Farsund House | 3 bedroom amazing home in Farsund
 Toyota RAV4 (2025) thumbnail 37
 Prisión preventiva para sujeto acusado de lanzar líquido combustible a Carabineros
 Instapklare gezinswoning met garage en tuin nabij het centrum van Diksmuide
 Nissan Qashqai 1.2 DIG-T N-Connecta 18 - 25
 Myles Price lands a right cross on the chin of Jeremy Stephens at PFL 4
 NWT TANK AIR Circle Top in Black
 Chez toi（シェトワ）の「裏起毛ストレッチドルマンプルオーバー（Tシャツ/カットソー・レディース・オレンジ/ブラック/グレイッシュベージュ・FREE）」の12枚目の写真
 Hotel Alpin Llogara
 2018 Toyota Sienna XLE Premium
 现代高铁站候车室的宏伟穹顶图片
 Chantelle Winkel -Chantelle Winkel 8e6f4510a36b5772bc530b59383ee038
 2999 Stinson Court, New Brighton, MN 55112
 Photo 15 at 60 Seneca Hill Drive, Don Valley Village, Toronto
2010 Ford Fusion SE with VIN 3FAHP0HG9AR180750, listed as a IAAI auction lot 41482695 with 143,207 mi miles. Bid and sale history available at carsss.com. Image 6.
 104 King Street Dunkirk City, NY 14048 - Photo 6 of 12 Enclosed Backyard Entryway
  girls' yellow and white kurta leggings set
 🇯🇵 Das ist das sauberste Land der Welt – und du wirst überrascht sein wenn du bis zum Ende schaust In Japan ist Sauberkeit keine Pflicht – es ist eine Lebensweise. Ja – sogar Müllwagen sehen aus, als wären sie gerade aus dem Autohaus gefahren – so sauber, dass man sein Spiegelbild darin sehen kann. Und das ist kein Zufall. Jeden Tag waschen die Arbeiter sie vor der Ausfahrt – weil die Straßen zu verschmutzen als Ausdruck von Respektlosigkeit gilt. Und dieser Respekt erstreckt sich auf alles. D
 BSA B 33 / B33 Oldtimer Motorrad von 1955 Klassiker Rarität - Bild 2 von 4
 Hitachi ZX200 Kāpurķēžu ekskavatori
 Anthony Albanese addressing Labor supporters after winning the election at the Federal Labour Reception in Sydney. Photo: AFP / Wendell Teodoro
++++++++++
**Problem to work on:**
Please return the data above in full, without altering a single line.

**Completed task:**
Farsund House | 3 bedroom amazing home in Farsund
 Toyota RAV4 (2025) thumbnail 37
 Prisión preventiva para sujeto acusado de lanzar líquido combustible a Carabineros
 Instapklare gezinswoning met garage en tuin nabij het centrum van Diksmuide
 Nissan Qashqai 1.2 DIG-T N-Connecta 18 - 25
 Myles Price lands a right cross on the chin of Jeremy Stephens at PFL 4
 NWT TANK AIR Circle Top in Black
 Chez toi（シェトワ）の「裏起毛ストレッチドルマンプルオーバー（Tシャツ/カットソー・レディース・オレンジ/ブラック/グレイッシュベージュ・FREE）」の12枚目の写真
 Hotel Alpin Llogara
 2018 Toyota Sienna XLE Premium
 现代高铁站候车室的宏伟穹顶图片
 Chantelle Winkel -Chantelle Winkel 8e6f4510a36b5772bc530b59383ee038
 2999 Stinson Court, New Brighton, MN 55112
 Photo 15 at 60 Seneca Hill Drive, Don Valley Village, Toronto
2010 Ford Fusion SE with VIN 3FAHP0HG9AR180750, listed as a IAAI auction lot 41482695 with 143,207 mi miles. Bid and sale history available at carsss.com. Image 6.
 104 King Street Dunkirk City, NY 14048 - Photo 6 of 12 Enclosed Backyard Entryway
  girls' yellow and white kurta leggings set
 🇯🇵 Das ist das sauberste Land der Welt – und du wirst überrascht sein wenn du bis zum Ende schaust In Japan ist Sauberkeit keine Pflicht – es ist eine Lebensweise. Ja – sogar Müllwagen sehen aus, als wären sie gerade aus dem Autohaus gefahren – so sauber, dass man sein Spiegelbild darin sehen kann. Und das ist kein Zufall. Jeden Tag waschen die Arbeiter sie vor der Ausfahrt – weil die Straßen zu verschmutzen als Ausdruck von Respektlosigkeit gilt. Und dieser Respekt erstreckt sich auf alles. D
 BSA B 33 / B33 Oldtimer Motorrad von 1955 Klassiker Rarität - Bild 2 von 4
 Hitachi ZX200 Kāpurķēžu ekskavatori
 Anthony Albanese addressing Labor supporters after winning the election at the Federal Labour Reception in Sydney. Photo: AFP / Wendell Teodoro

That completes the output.